_WHAT YOU WILL DO_:
Starting with the line that has "Bazén v ubytování", retype each line down to the end of the entries below, without leaving any out or adding any.

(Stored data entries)
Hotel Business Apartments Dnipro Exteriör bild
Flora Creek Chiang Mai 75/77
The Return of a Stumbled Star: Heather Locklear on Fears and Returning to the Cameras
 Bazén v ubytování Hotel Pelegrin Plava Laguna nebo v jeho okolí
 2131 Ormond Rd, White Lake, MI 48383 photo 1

_WRITTEN SOLUTION_:
 Bazén v ubytování Hotel Pelegrin Plava Laguna nebo v jeho okolí
 2131 Ormond Rd, White Lake, MI 48383 photo 1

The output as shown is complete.